Le particulier qui fait construire pour occuper lui-même le logement n'encourt pas la sanction pénale prévue par l'article L243-3 du Code des assurances, contrairement au constructeur ou au promoteur. Mais l'absence de garantie a des conséquences lourdes : en cas de désordre décennal, il devra en préfinancer seul la réparation et engager lui-même une action, souvent longue, contre les constructeurs. À la revente avant dix ans, le notaire mentionne l'absence de dommages-ouvrage dans l'acte, ce qui inquiète les acquéreurs et peut bloquer ou dévaloriser la vente. Le risque est donc surtout financier et patrimonial.

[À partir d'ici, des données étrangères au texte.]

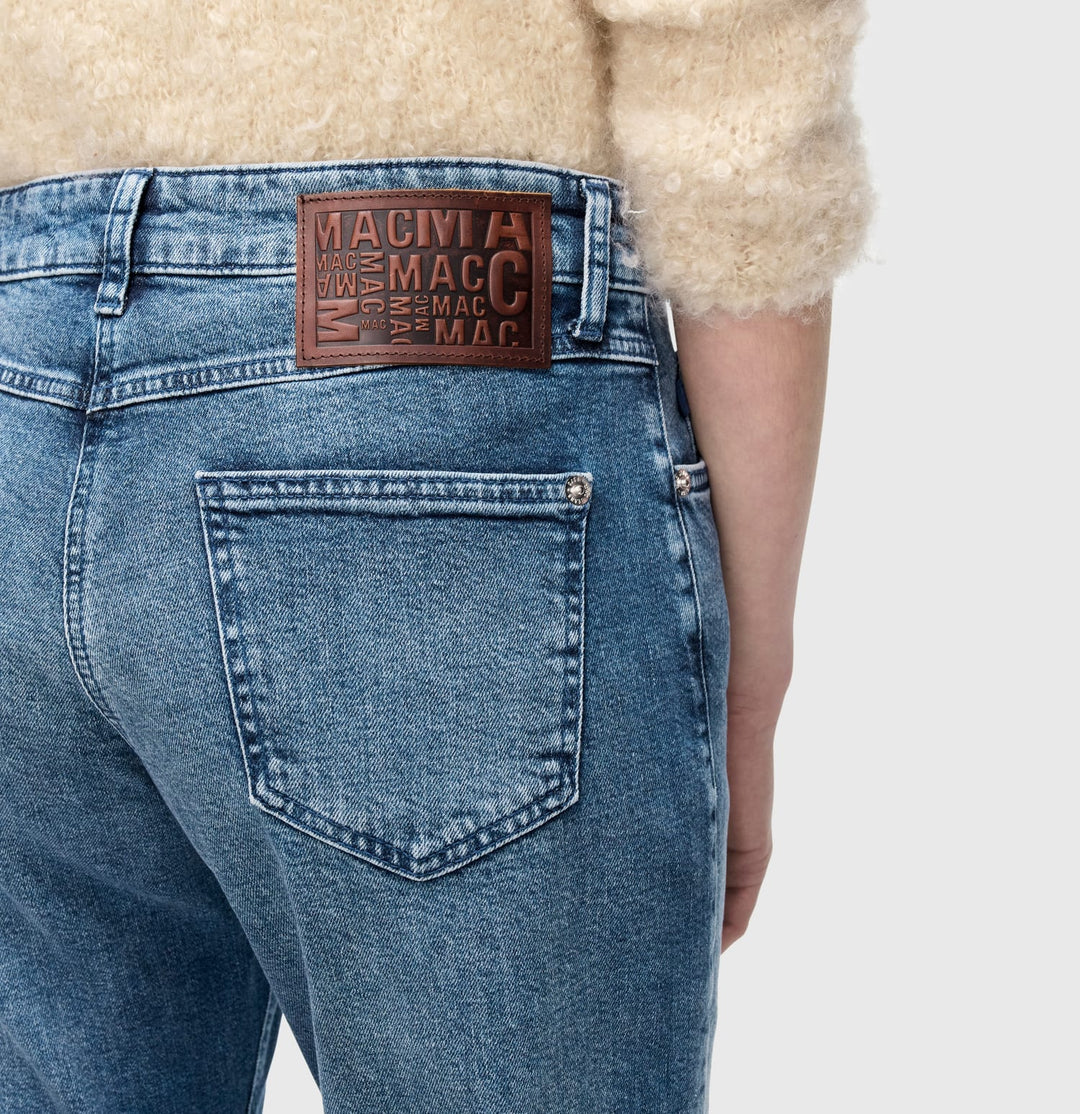 MAC jeans regular-straight fit dames - blue denim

Le point de départ est la réception des travaux (article 1792-6 du Code civil). Pendant la première année court la garantie de parfait achèvement, à la charge de l'entreprise. La dommages-ouvrage prend effet à l'expiration de cette garantie de parfait achèvement, soit un an après la réception, puis couvre le maître d'ouvrage pendant toute la durée de la responsabilité décennale, c'est-à-dire dix ans à compter de la réception. C'est pourquoi il faut impérativement souscrire avant l'ouverture du chantier : la garantie doit être en place bien avant l'apparition d'un éventuel désordre.
La loi encadre strictement les délais de l'assureur dommages-ouvrage. Après votre déclaration, il dispose de 60 jours pour notifier sa décision sur la prise en charge du sinistre. En cas d'accord, il doit ensuite présenter une offre d'indemnité dans un délai de 90 jours (article L242-1 et annexe II à l'article A243-1 du Code des assurances). Ces délais sont un vrai avantage : ils obligent l'assureur à se prononcer et à indemniser rapidement, ce qui permet d'engager les travaux de reprise sans attendre l'issue d'un contentieux sur les responsabilités, grâce au mécanisme de préfinancement à double détente.
Non. La dommages-ouvrage ne couvre que les désordres de nature décennale, c'est-à-dire ceux qui compromettent la solidité de l'ouvrage ou le rendent impropre à sa destination, au sens des articles 1792 et 1792-1 à 1792-7 du Code civil. Les désordres purement esthétiques (nuances de teinte, micro-fissures superficielles), l'usure normale et le défaut d'entretien sont exclus. Le critère décisif est la gravité du dommage : il doit atteindre la structure ou empêcher l'usage normal du bâtiment. Un désordre gênant mais sans conséquence sur la solidité ou l'habitabilité relève d'autres garanties ou reste à votre charge.
Oui. La dommages-ouvrage est attachée au bâtiment, pas à la personne qui l'a souscrite. Si vous revendez le bien avant la fin de la période de dix ans, le bénéfice de la garantie est transmis à l'acquéreur, puis aux acquéreurs successifs, pour la durée restant à courir. C'est un atout commercial réel : l'acheteur sait qu'un désordre décennal sera préfinancé sans procédure. À l'inverse, en l'absence de dommages-ouvrage, le notaire mentionne cette absence dans l'acte de vente, ce qui peut compliquer, ralentir ou faire échouer la transaction. La garantie protège donc aussi la valeur de revente de votre bien.